You Need Data to Write a Fair Engineering Performance Review
How to reduce engineering performance review bias with data
There is a lot of skepticism about using data for engineering performance reviews.
Bad managers have a long history of abusing data, such as stack ranking and firing people based on lines of code.
However, these abuses are not an indictment of data itself. When applied properly, it can fill critical knowledge gaps and provide clarity for managers rather than dehumanizing them by trying to replace their judgment.
There’s no such thing as a data-free review either. Managers who “don’t use data” are really just relying on qualitative data from their own memory.
Unfortunately, human memory is severely biased, even with the best of intentions.
The performance appraisal Wikipedia page has a good list of reasons why managers misjudge performance that should cause concern, such as Recency Bias (overweighting more recent events because they’re easier to remember) and Halo Effect/Horn Effect. Here’s a quotation about the halo effect in particular:
"In the work setting, the halo effect is most likely to show up in a supervisor's appraisal of a subordinate's job performance. In fact, the halo effect is probably the most common bias in performance appraisal. Think about what happens when a supervisor evaluates the performance of a subordinate. The supervisor may give prominence to a single characteristic of the employee, such as enthusiasm, and allow the entire evaluation to be colored by how he or she judges the employee on that one characteristic." (Schneider, F.W., Gruman, J. A., & Coutts, L. M., Applied Social Psychology, 2012)
If you think experienced managers are immune, then you are mistaken (and also possibly falling victim to the bias blind spot – a bias that makes you think you’re less biased than other people).
I have been managing engineers for over a decade, and still ran into my own bias during a recent review. Before digging into the data, I had an overly negative impression of an engineer’s performance due to recent struggles with a big project.
After more deeply exploring his metrics, however, his performance was only worse for the month he was working on that project. The rest of the year, the metrics were similar to others on the team.
If you want your performance reviews to be fair, you need to use data to cover your blind spots.

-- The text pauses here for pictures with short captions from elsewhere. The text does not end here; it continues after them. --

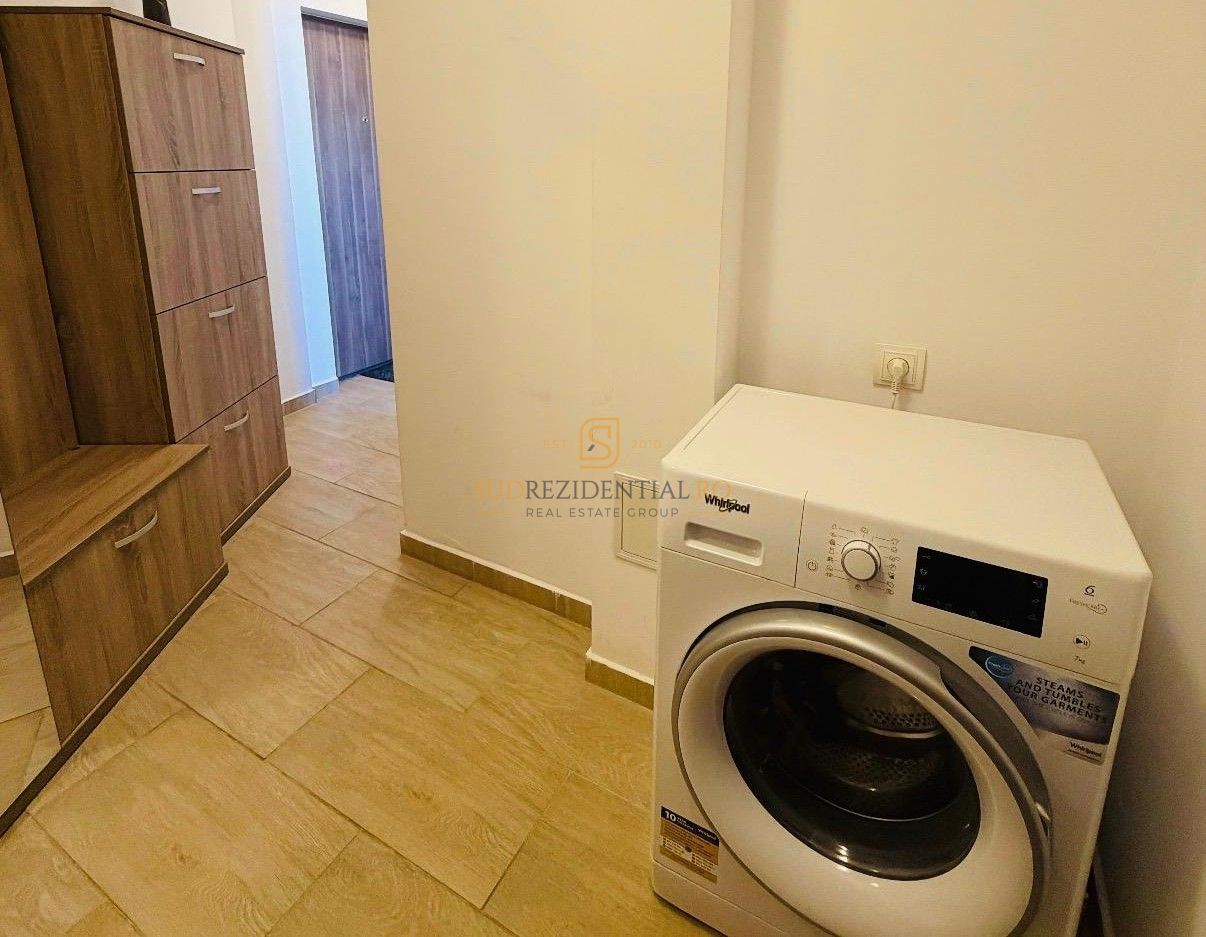 Apartament de inchiriat, 2 camere, Loc de parcare, metrou Berceni - Poză 11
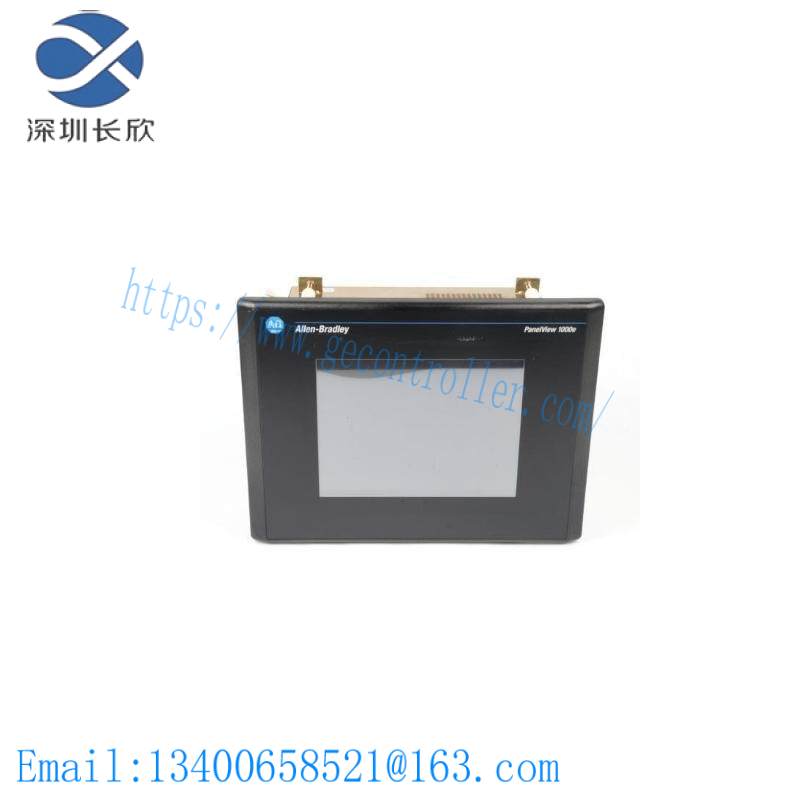 AB 2711E-T10C6 PanelView 1000E Touchscreen Terminal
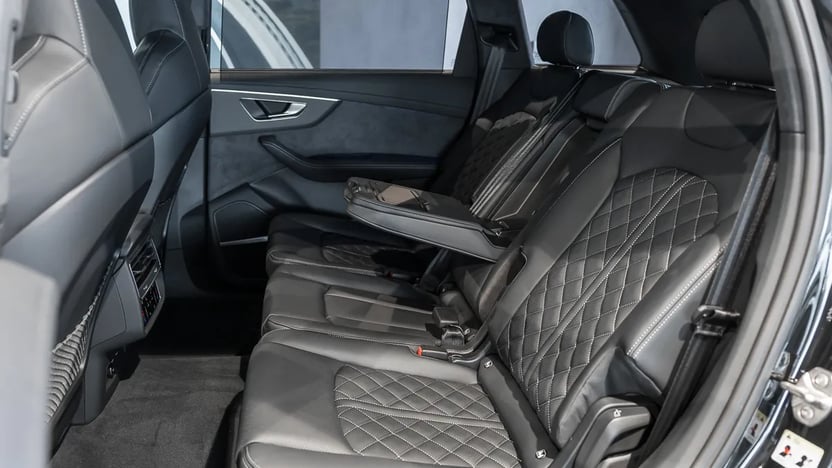 Obrázok Q7 SUV S line TDI quattro 210kW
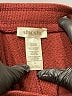 ShoSho Burgundy Casual Pants Size S - photo 4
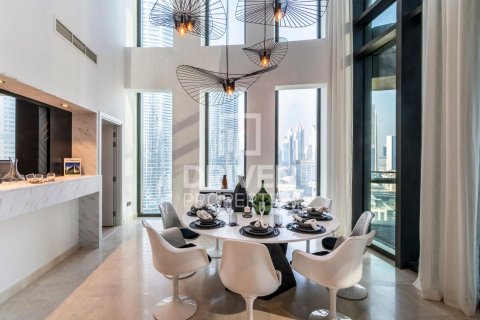 Penthouse de 5 dormitorios en Burj Vista, UAE No. 188449 11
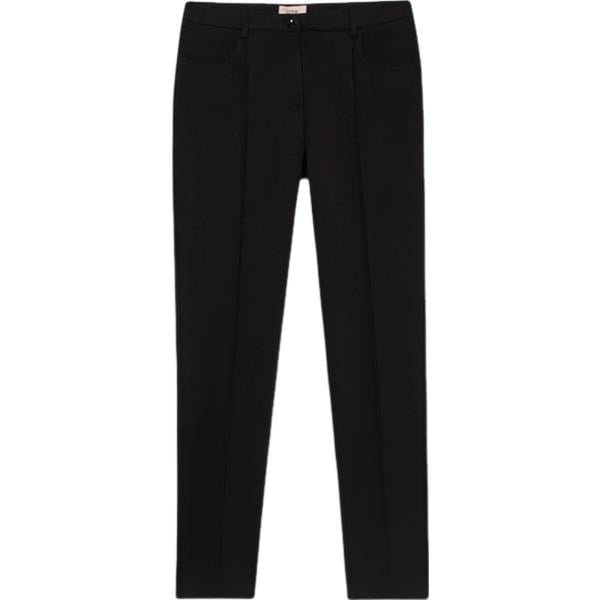 pantaloni skinny Oltre nero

This article shares several metrics that you can use to get a more holistic view of engineering performance in three key areas: recognizing contributions, pace of work, and quality.
Recognizing contributions
The first thing a performance review should do is recognize an employee’s meaningful contributions. This affirms that the manager both notices each contribution and recognizes its value.
Managers should expect any contribution that they fail to recognize to not happen in the future.
It’s particularly important to include things that go above and beyond the normal call of duty and are less visible, like working extra hours, helping out others, handling behind-the-scenes grunt work, or having a positive attitude under difficult circumstances.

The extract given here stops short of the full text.